:: ASSIGNED TASK ::
The full listing is to be returned exactly as given, but without pictures.
PROVIDED MATERIAL Block Start
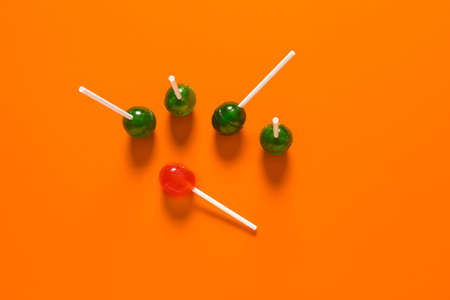 Orange lollipop among green ones on color background. Concept of uniquenessの写真素材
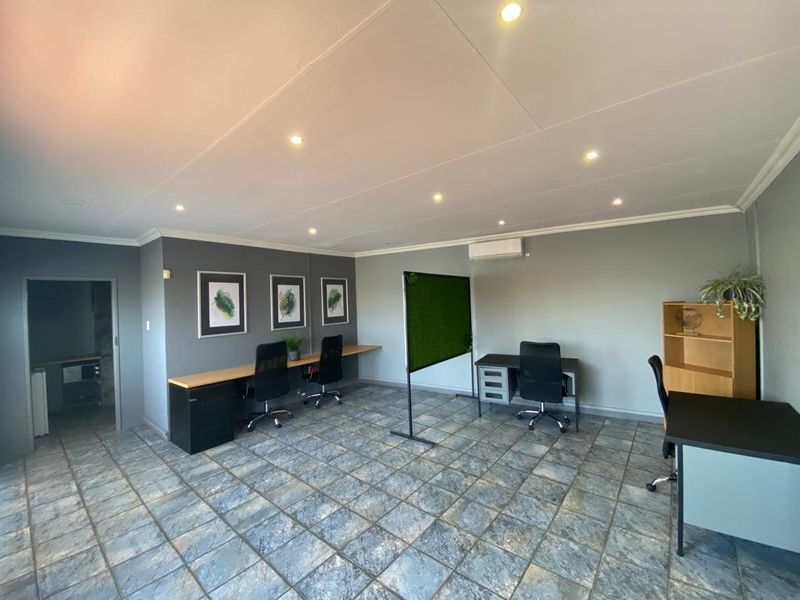 A functional commercial office space featuring tiled flooring, recessed downlighting, and a split-system air conditioning unit.
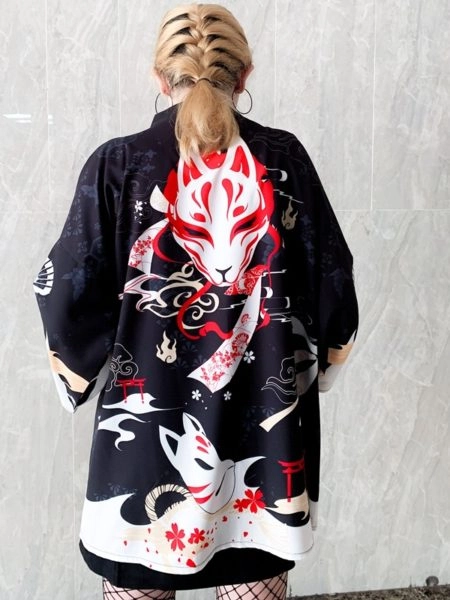 Une femme de dos montre son kimono de couleur noir avec un motif imprimé de renard en rouge et blanc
PROVIDED MATERIAL Block End
:: ANSWER ::
 Orange lollipop among green ones on color background. Concept of uniquenessの写真素材
 A functional commercial office space featuring tiled flooring, recessed downlighting, and a split-system air conditioning unit.
 Une femme de dos montre son kimono de couleur noir avec un motif imprimé de renard en rouge et blanc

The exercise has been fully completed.